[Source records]
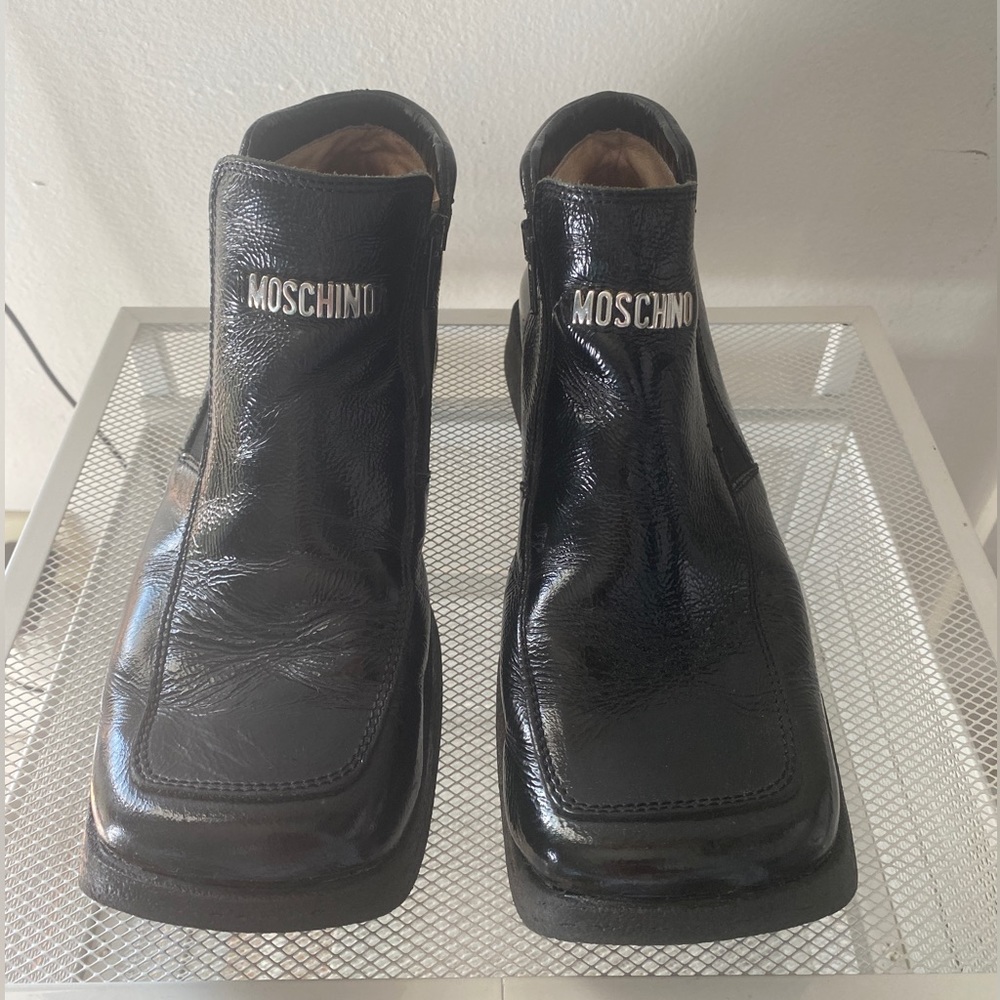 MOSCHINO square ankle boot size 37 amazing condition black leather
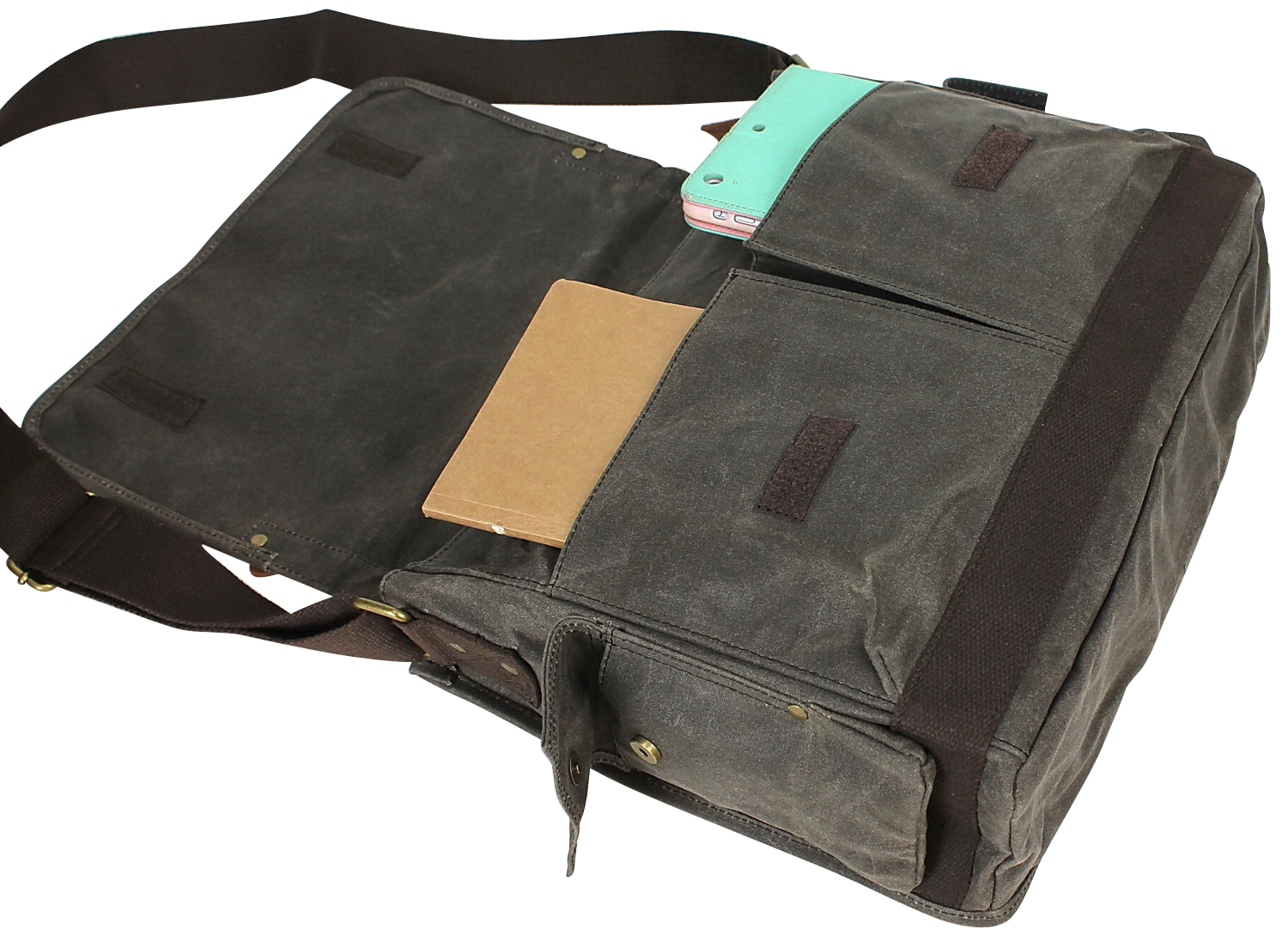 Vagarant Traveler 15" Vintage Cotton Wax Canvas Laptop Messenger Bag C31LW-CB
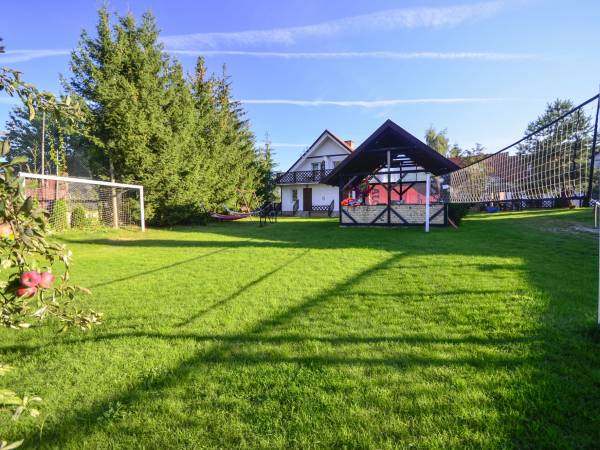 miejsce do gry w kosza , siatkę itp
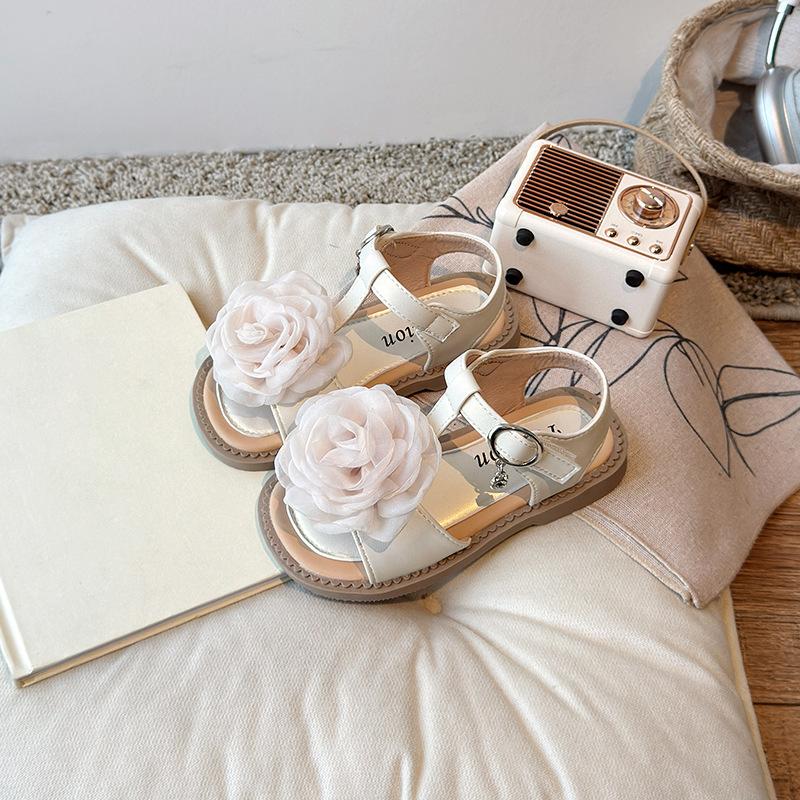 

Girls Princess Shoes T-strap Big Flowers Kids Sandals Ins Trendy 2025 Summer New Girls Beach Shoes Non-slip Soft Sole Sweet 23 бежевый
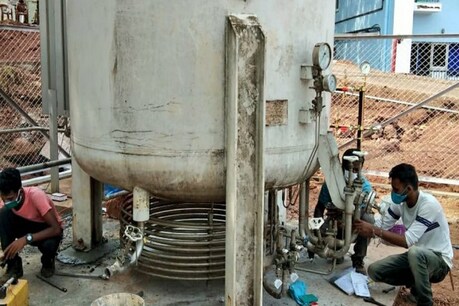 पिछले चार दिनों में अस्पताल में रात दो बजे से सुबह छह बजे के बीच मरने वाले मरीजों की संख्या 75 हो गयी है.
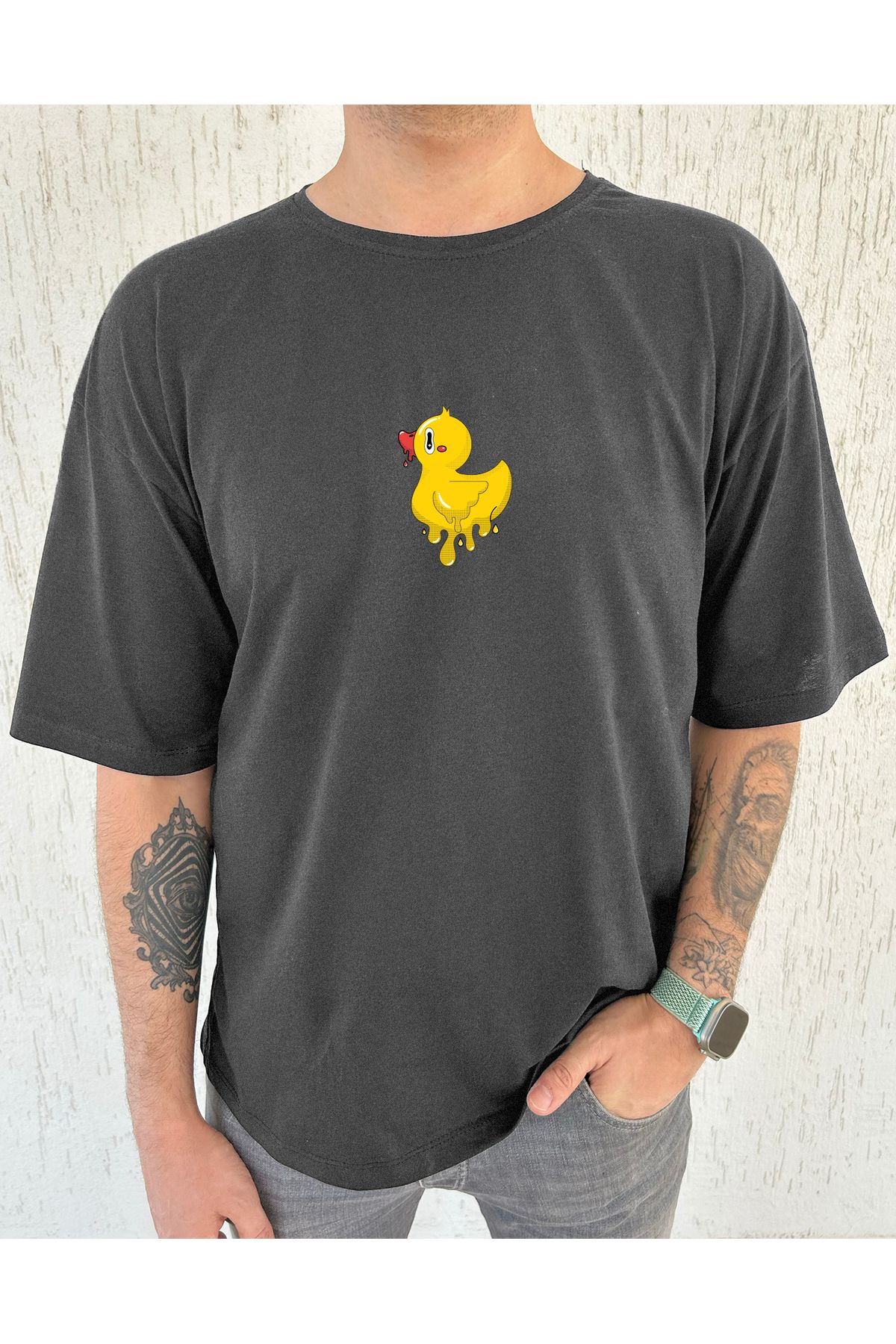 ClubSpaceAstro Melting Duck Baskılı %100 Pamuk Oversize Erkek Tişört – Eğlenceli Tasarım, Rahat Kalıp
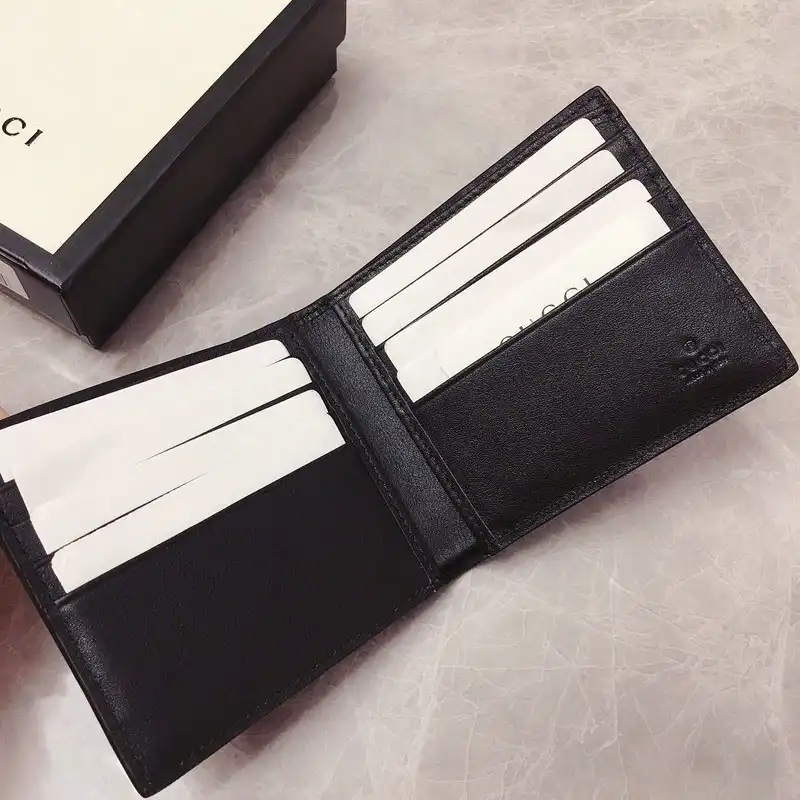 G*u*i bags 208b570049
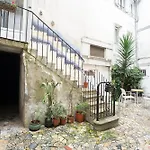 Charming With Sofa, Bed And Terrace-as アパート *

== Exercise prompt ==
Take the entries above and copy exactly the lines starting at the one with "miejsce do gry w kosza , siatkę itp" and ending at the one with "G*u*i bags 208b570049"; nothing outside that span, and no pictures.

== Answer for this exercise ==
 miejsce do gry w kosza , siatkę itp

Girls Princess Shoes T-strap Big Flowers Kids Sandals Ins Trendy 2025 Summer New Girls Beach Shoes Non-slip Soft Sole Sweet 23 бежевый
 पिछले चार दिनों में अस्पताल में रात दो बजे से सुबह छह बजे के बीच मरने वाले मरीजों की संख्या 75 हो गयी है.
 ClubSpaceAstro Melting Duck Baskılı %100 Pamuk Oversize Erkek Tişört – Eğlenceli Tasarım, Rahat Kalıp
 G*u*i bags 208b570049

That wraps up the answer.